## YOUR INSTRUCTIONS
Your answer must be an exact copy of the entries, containing no images.

Records from a dataset:
"""

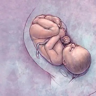 胎儿入盆时间 胎儿入盆是多少周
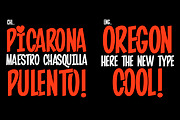 Pintanina Pro, a Font by Rodrigo Typo (Thumbnail 3 of 5)
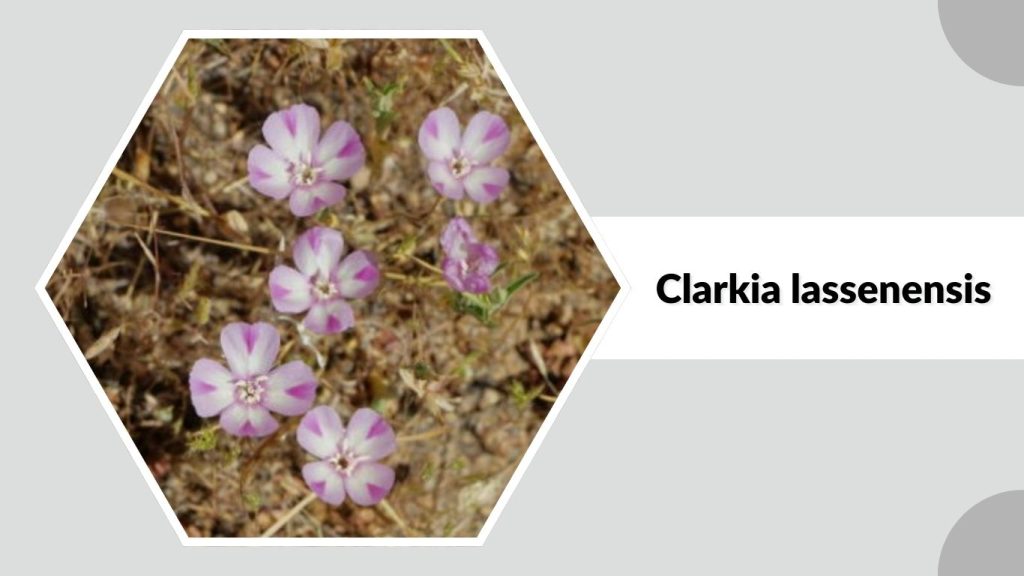 Clarkia lassenensis 
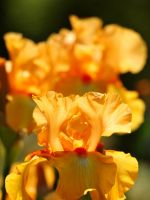 Beautiful Irises Flowers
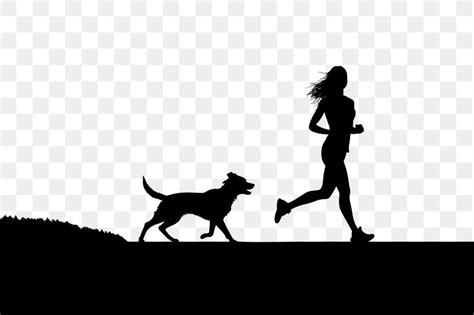 Exercise Border 的图像结果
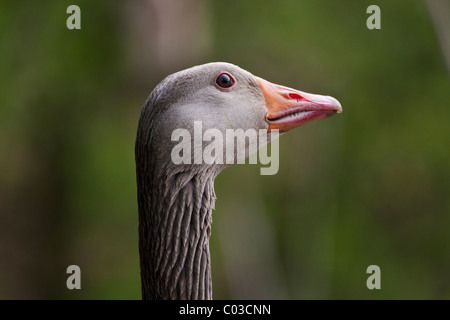 Greylag goose head shot Banque D'Images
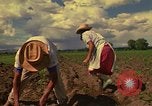 Immagine di Agricoltore Messico, 1975, secondo 34 filmato di repertorio 65675039462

"""

## RESPONSE AREA
 胎儿入盆时间 胎儿入盆是多少周
 Pintanina Pro, a Font by Rodrigo Typo (Thumbnail 3 of 5)
 Clarkia lassenensis 
 Beautiful Irises Flowers
 Exercise Border 的图像结果
 Greylag goose head shot Banque D'Images
 Immagine di Agricoltore Messico, 1975, secondo 34 filmato di repertorio 65675039462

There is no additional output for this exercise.